I went there in December of 2009, early in the morning when the fog still lingered… it was breathtakingly beautiful and eerie at the same time. I had chills down my spine from standing at such a historical site of myth (how the jars came about) and of human experience (from the bombing). The long drive there was worth it if you can withstand the sharp turns – the green scenery of valleys and mountains was just heavenly, and the legends associated with certain areas were just funny and educational. Seems like you had a good time!
I love the foggy morning there…Things are so peaceful there compare to other big cities in Laos. Although, the town is expanding and construction sites all over. The roads are much better now compared to back in 2009.

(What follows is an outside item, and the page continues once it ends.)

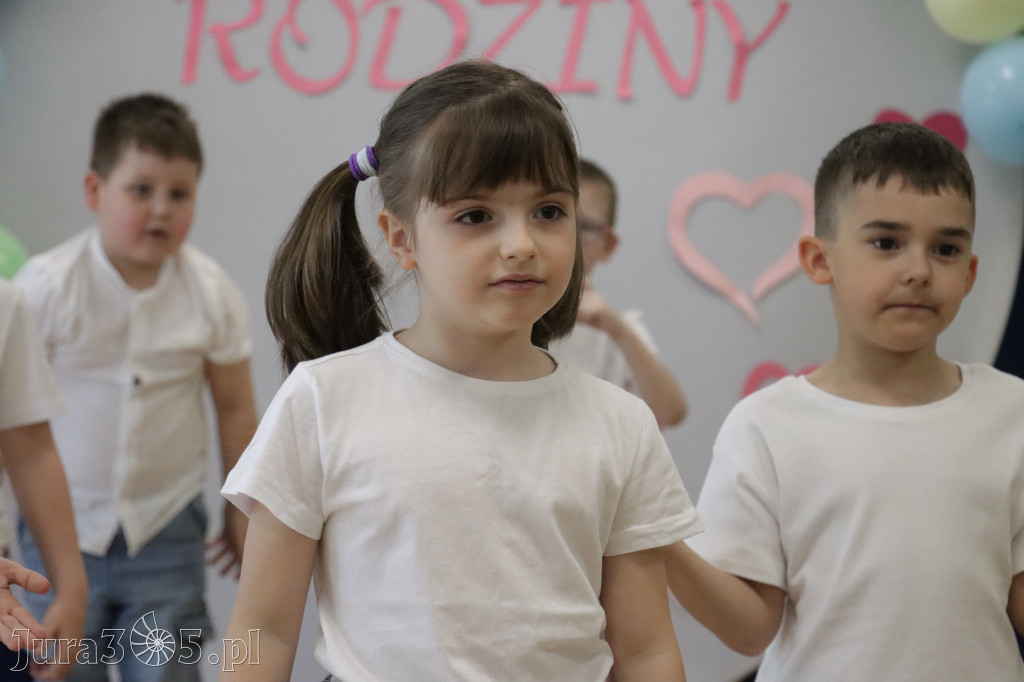 Fotorelacja I: Festyn Rodzinny w Przedszkolu Integracyjnym nr 3 w Zawierciu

I had an awesome time in Xieng Khouang and I’m already looking forward to the next trip back.
You know how we leave a small part of ourselves every we travel to, hence the infamous t-shirts with “I left my heart in …”? Did you leave yours there? 😉
I love Luang Prabang the most in the northern region, though I don’t think I can live there because I still like to have access to big cities’ ammenities.
Yep! I sure did left my heart there :-). I’ve been trying to retrieve it. Laos will always have a special place in my heart.

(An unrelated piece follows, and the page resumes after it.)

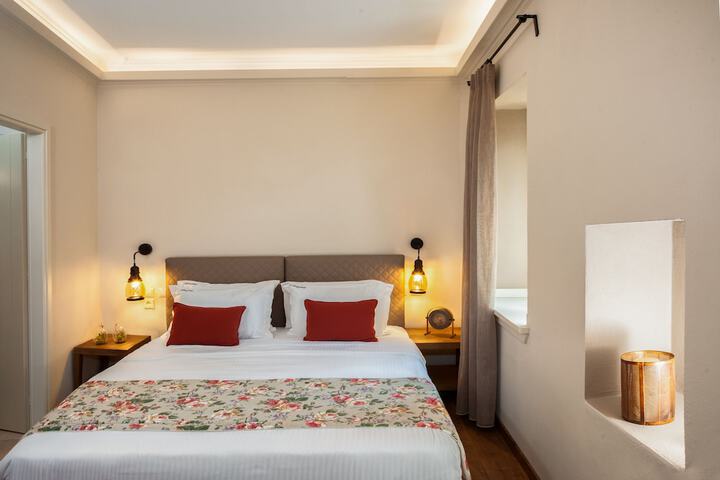 Room 44 of 183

I bet it would look awesome in photos with the misty morning fog hanging around.
You were indeed lucky to have made the trek to this place.
I wonder if photography makes people travel, from being a ranter to a photo-blogger. 😉
This is one place that I like to visit, on my last trip we had to choose between Xieng Khouang and Luang Prabang and I chose the latter, and well worth it. Next time it will be the Plain of Jars. Is there internet connection at the sight?

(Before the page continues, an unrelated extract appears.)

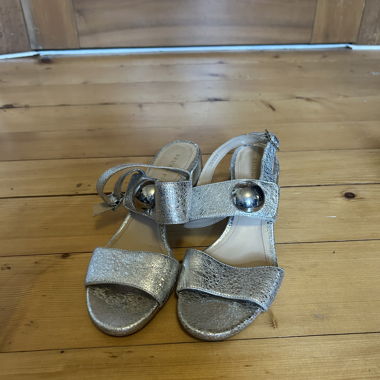 Elegant heeled shoes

Hhhhmmmm… I wonder about that part of being a ranter to photo-blogger also.. I’ve always like traveling and wish I had captured even 10% of what I do now a day.
Let me know if you are heading to Xieng Khouang anytime soon. I might be able to set you up with a personal tour of Melburries Farm :-).
No WiFi or internet connection at the site… But, I think she just using the 3G band.
You need to get the local rate-
Local rate to???? Not sure if I follow here..
Sorry- the flight cost less if you have lao ID.
Not true anymore… They had stop that practice for awhile now. Locals or tourists all pays same price, I traveled with mostly locals and they do not get special treatment.
so mysterious and beautiful.. thanks for sharing!
You are welcome..So many people have studied the sites and yet no one can confirm where it came from.
Hi See. I have been to Xiengkhoung and I love the place. The Plains of Jars is truly mystic. Did you notice some of the hotels and houses used UXOs as fences? You should have visited also the MAD office in the town proper, they have a mini museum showing all sorts of UXO/bombs dropped in the place. many areas, esp near the border aren’t completely cleared yet.
Its also nice to go there during Mhong new year to get photos of women in their nice traditional flowing skirts. There are a lot of areas to go there for taking photos and relaxing but some areas are difficult to access.
Hi Chel, I didn’t get a chance to visit UXO office/museum. Although, few restaurants and coffee shops have all types of UXO metals. I just can’t imagine being there 40 years ago with all those bombs are coming down.
Such a bewildering place. Looking forward to seeing this place soon. Great post and photos seeharhed! 🙂
Sabaidee Padaek, Thanks for stop by and comments. This place hasn’t change since the Vietnam War, other than removing most of unexploded bombs from property. I think the best times to visit this place is early in the morning or late evening.